A. The long, detailed-looking answer.
This is “verbosity bias.” It might give a higher score to a longer answer just because it’s long, even if the content isn’t as accurate.

Chapter 4: The ‘Underside’ of AI Evaluation: Important Caveats

We’ve looked at various evaluation methods, but there’s a huge challenge facing the entire world of AI evaluation. Knowing this will help you look at AI news with a more critical and informed eye.

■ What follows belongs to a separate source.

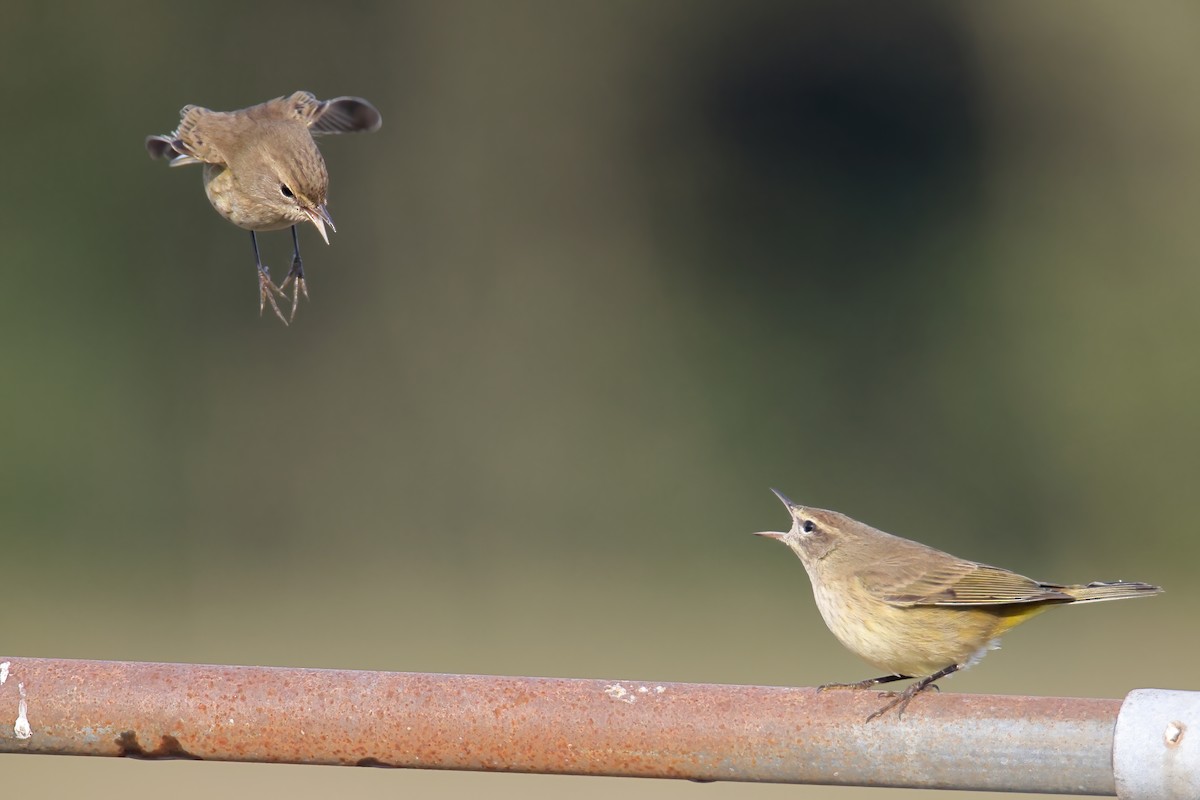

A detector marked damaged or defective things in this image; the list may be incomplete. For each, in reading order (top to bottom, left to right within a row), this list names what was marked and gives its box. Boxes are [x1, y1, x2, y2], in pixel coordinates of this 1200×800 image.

Are the Test Questions Leaked? “Data Contamination”

This is one of the biggest problems in AI evaluation. AIs learn from vast amounts of data from the internet, right? Sometimes, the test questions from the benchmarks used for evaluation are unintentionally included in that training data.

An analogy…
It’s like cramming for an entrance exam by memorizing a study guide that contains the exact questions and answers. You can’t measure true ability that way, can you? The AI might not be “solving” the problems but simply “recalling” the answers it has already memorized.

Why Do the Results Change Every Time? “The Difficulty of Reproducibility”

In science, “reproducibility”—getting the same result no matter who conducts the experiment—is crucial. However, in the world of AI, especially with AI provided by companies, this is extremely difficult.

That’s because closed models are constantly updated without notice. The GPT-4 I tested yesterday and the GPT-4 you use today might already be different models internally. This makes it difficult to compare evaluations.

Conclusion: How Should We Read AI Report Cards?

We’ve now seen the various methods of AI evaluation and what goes on behind the scenes. The most important conclusion I want to share is this:

“A single leaderboard is not the absolute truth.”

Every evaluation method has its strengths and, as we’ve seen, significant drawbacks.

A high rank in the Exam Style might indicate it’s good at academic tests.
A high rank in the Battle Style might indicate it’s good at talking in a way humans like.

But neither guarantees that it will be “truly easy to use” for your specific purpose.
That’s why it’s important to take a step back when you look at rankings and ask, “What method was used to measure this score?” Having that critical perspective is key. AI evaluation will continue to evolve, and following that evolution might just be another fascinating part of the world of AI!